#### Stored data ####

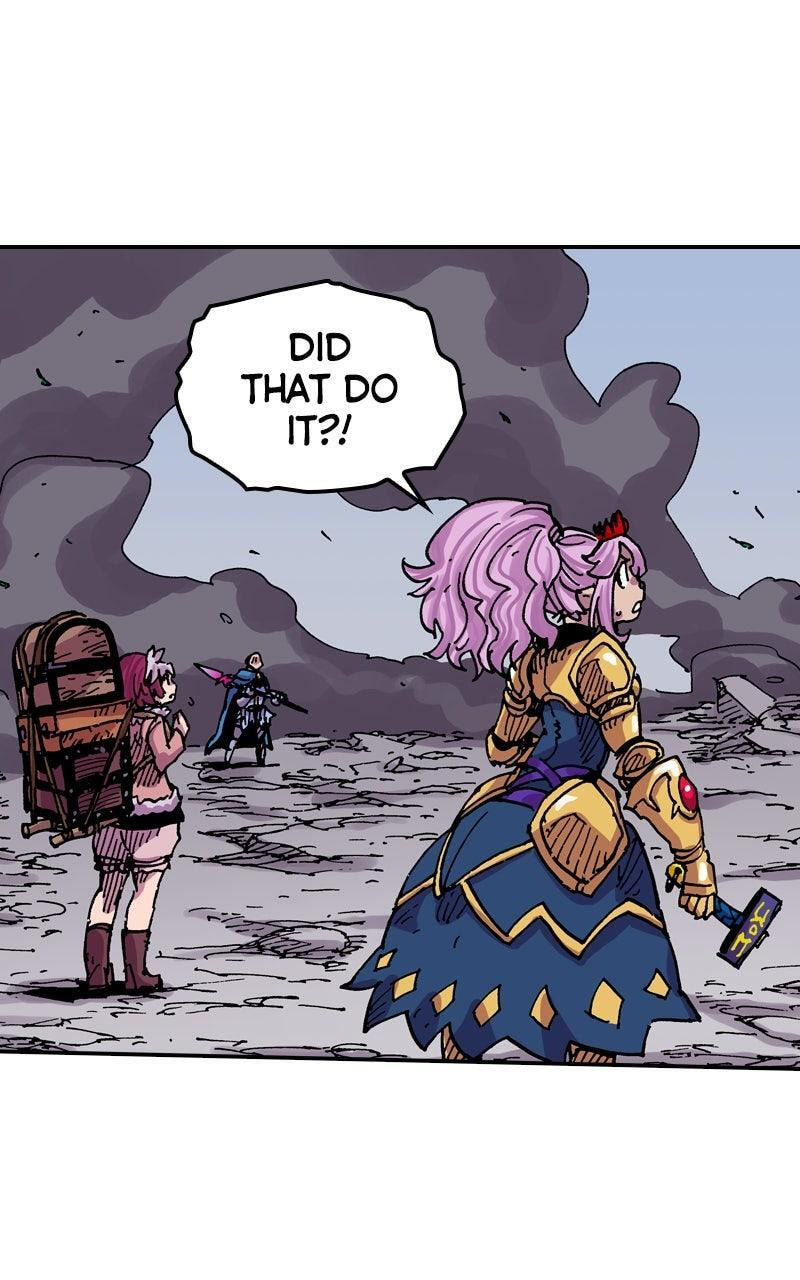 Clevatess Chapter 56 page 8 - 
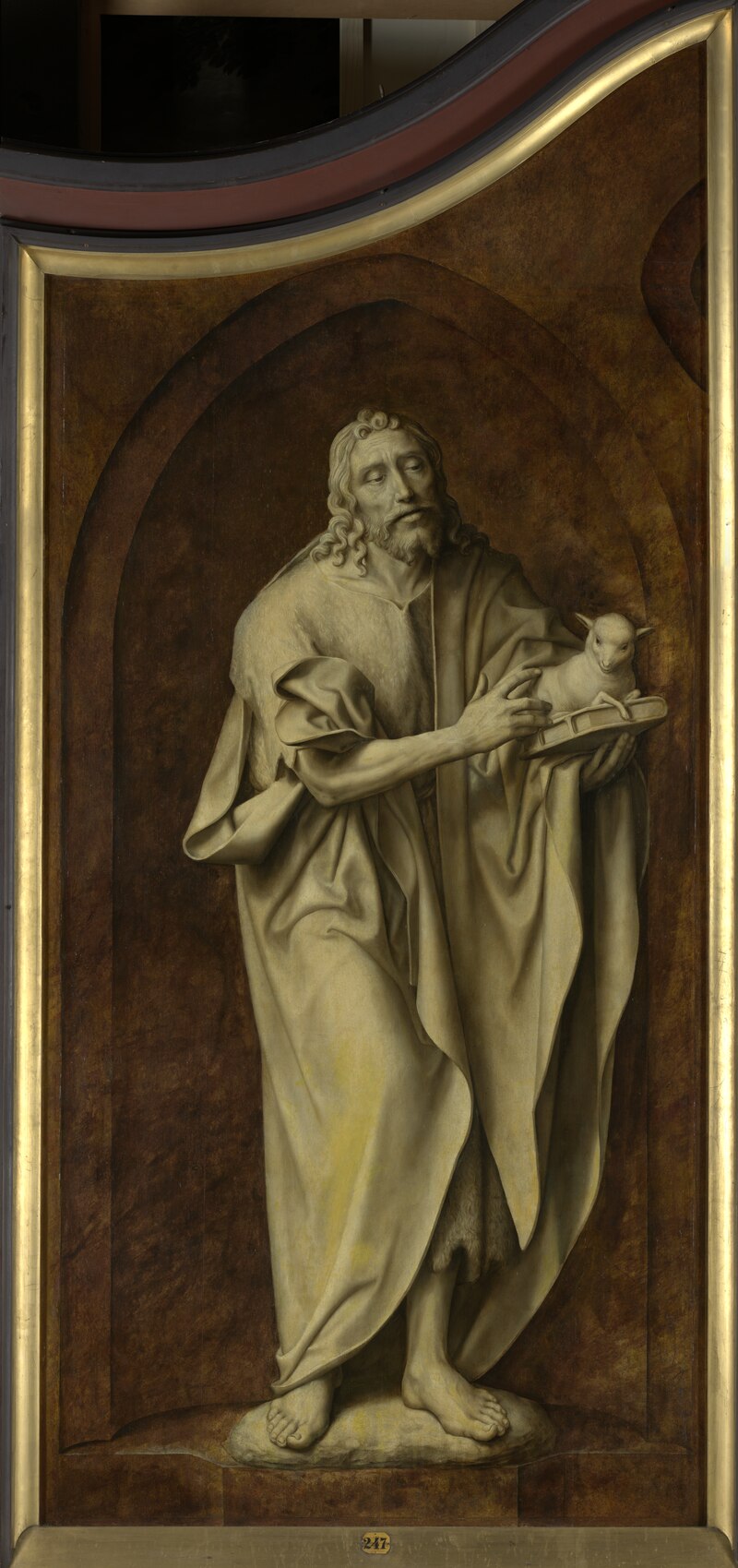 Jean-Baptiste - Quentin Metsys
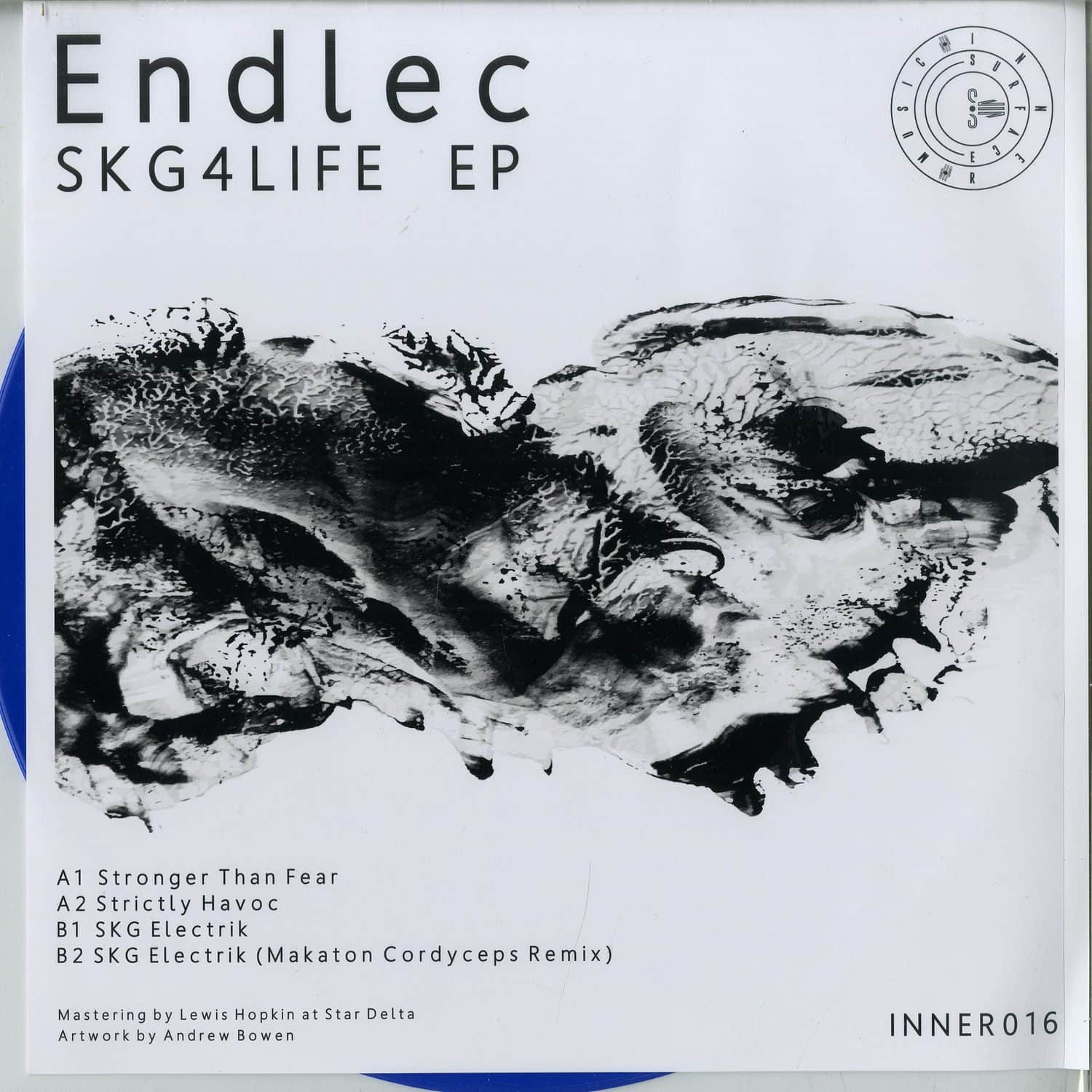 Endlec - SKG4LIFE EP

####

— Required work —
Every line of the listing should be copied precisely, with images omitted.

— Result of the exercise —
 Clevatess Chapter 56 page 8 - 
 Jean-Baptiste - Quentin Metsys
 Endlec - SKG4LIFE EP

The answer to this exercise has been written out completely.